We will also rank the apps based on categories of interest, namely:
- Most Popular Apps – by number of Reviews
- Most Popular Apps – by number Downloads and Reviews
- Most Popular Categories – Paid Apps only
- Most popular apps with 1 billion installations.
We are going to use the pdf() function to paste all graphs to a pdf document. Basically what this function does is write the graphs to a file rather than show on the console. So the only thing to remember is that if you are testing graphs or make an incorrect graph, everything will get posted to the pdf until you hit the “dev.off()” function. Sometimes if the graph throws an error you may end up with a blank page, or worse, with a corrupt file that cannot be opened.

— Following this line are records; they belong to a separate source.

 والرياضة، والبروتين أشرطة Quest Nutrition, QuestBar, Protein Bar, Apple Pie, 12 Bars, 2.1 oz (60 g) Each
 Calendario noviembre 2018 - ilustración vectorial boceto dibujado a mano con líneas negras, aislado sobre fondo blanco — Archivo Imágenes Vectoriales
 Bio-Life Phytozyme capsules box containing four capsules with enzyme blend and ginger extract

Currently, the code I am only printing 2 simple graphs using ggplot() and barplot() functions, but you can include many other plots as well.
Create Excel file.
The Excel is created in the sequence below:
- Specify the filename and create an object of type .xlsx This will create an empty Excel placeholder. It is only complete when you save the Workbook using the saveWorkbook() at the end of the section.

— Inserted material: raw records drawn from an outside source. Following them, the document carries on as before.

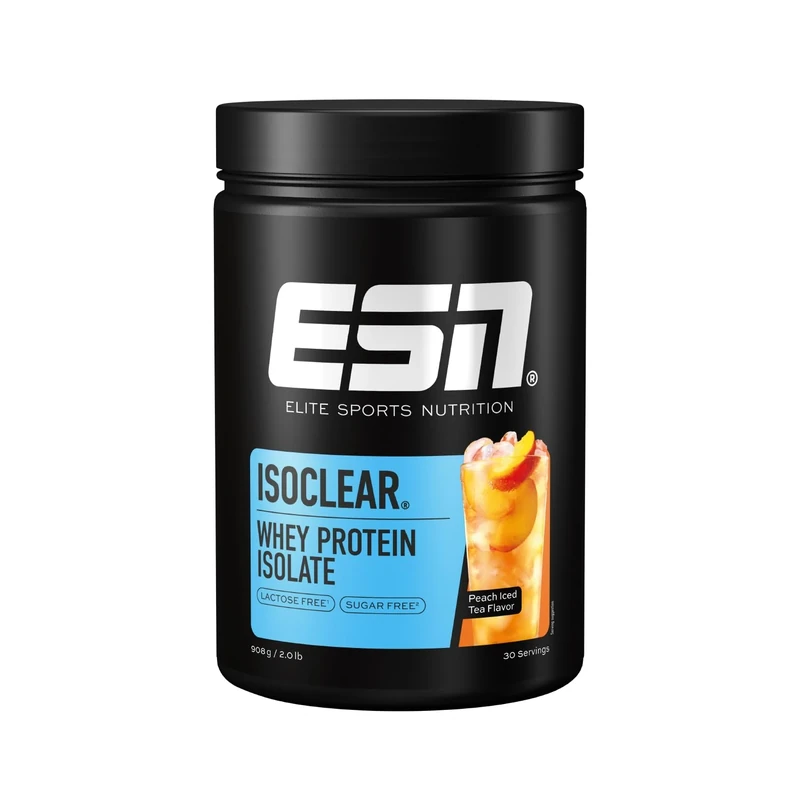 ESN ISOCLEAR Whey Isolate Protein Powder, Peach Iced Tea, 908 g, 2 lbs, 30 Servings Clear Whey - Lactose Free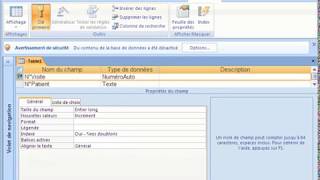Access 2007 Suite de la partie 2  Création de la base de données VisitesPatients [upl. by Bourgeois]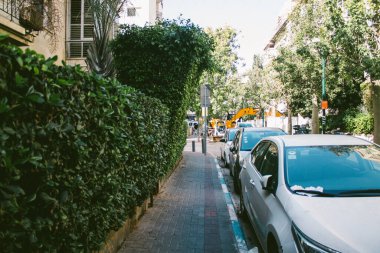 Tel Aviv İsrail 30 Ocak 2021 Coronavirus salgını sırasında Tel Aviv 'in boş sokaklarının görüntüsü ve İsrail nüfusunun sınırlandırılması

- Use the sheets() to create different worksheets within the Excel.
- The xlsx.addHeader() adds a bold Header to each sheet which will help readers understand the content on the page. The r2excel package has other functions to add more informative text in smaller (non-header) font as well, if you need to give some context to readers. Obviously, this is optional if you don’t want to add them.
- xlsx.addTable() – this is the crucial function that adds the content to Excel, the main “meat” of what you need to show.

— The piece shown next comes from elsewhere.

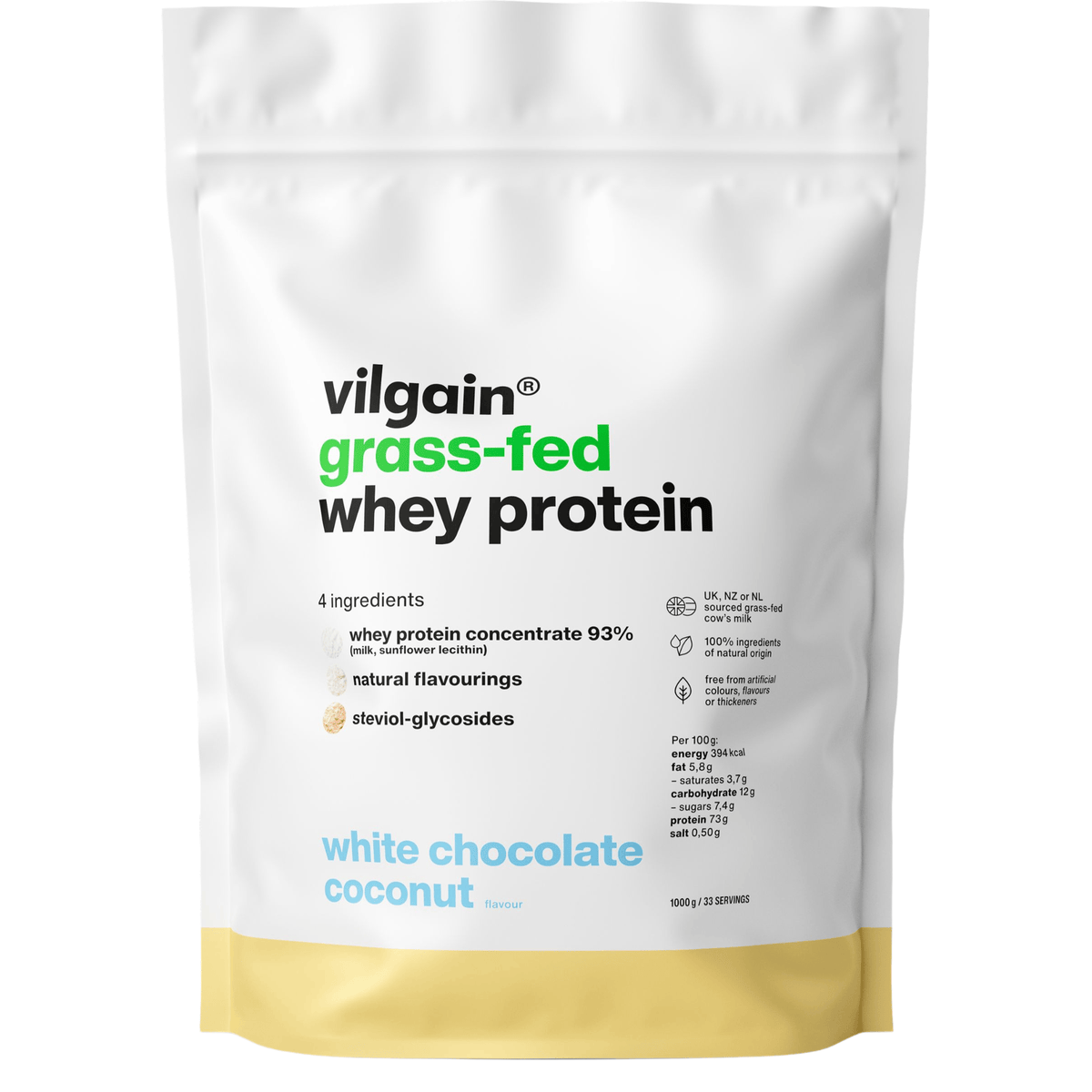 Grass-Fed Whey Protein Weisse Schokolade und Kokosnuss / 1'000 g kaufen - Vilgain Whey Proteinpulver - Fitness Onlineshop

- saveWorkbook() – this function will save the Excel to the folder.
- xlsx.openFile() – this function opens the file so you can view contents. I typically have the script running on automated mode, so when the Excel opens I am notified that the script completed.
The email is sent using the following functions:
- OutApp() – creates an Outlook object. As I mentioned earlier, you do need Outlook and need to be signed in for this to work. I use Outlook for work and at home, so I have not explored options for Slack or other email clients.
- outmail[[“To”]] – specify the people in the “to” field. You could also read email addresses from a file and pass the values here.
- outmail[[“cc’]] – similar concept, for the cc field.
- outmail[[“Subject”]] – I have used the paste0() function to add the current date to the subject, so recipients know it is the latest report.
- outMail[[“HTMLBody”]] – I used the HTML body so that I can embed the image. If you don’t know HTML programming, no worries! The code is pretty intuitive, you should be able to follow what I’ve done. The image basically is an attachment which the HTML code is forcing to be viewed within the body of the email. If you are sending the email to people outside the organization, they may see a small box instead of the image with a cross on the top left (or right) of the box. Usually, when you hover your mouse near box and right click, it will ask them to download images. You may have seen similar messages in gmail, along with a link to “show images” or ‘always show images from this sender’. You obviously cannot control what the recipient selects, but testing by sending to yourself first helps smoothing out potential aesthetic issues.
- outMail[[“Attachments”]] – function to add attachments.
- outMail$Send() – until you run this command, the mail will not be send. If you are using this in office, you may get a popup asking you to do one of the following. Most of these will generally go away after the first use, but if they don’t, please look up the issue on StackOverflow or contact your IT support for firewall and other security settings.
- popup to hit “send”
- popup asking you to “classify” the attachments (internal / public/ confidential) Select as appropriate. For me, this selection is usually “internal”
- popup asking you to accept “trust” settings
- popup blocker notifying you to allow backend app to access Outlook.
That is it – and you are done! You have successfully learned how to send an automated email via R.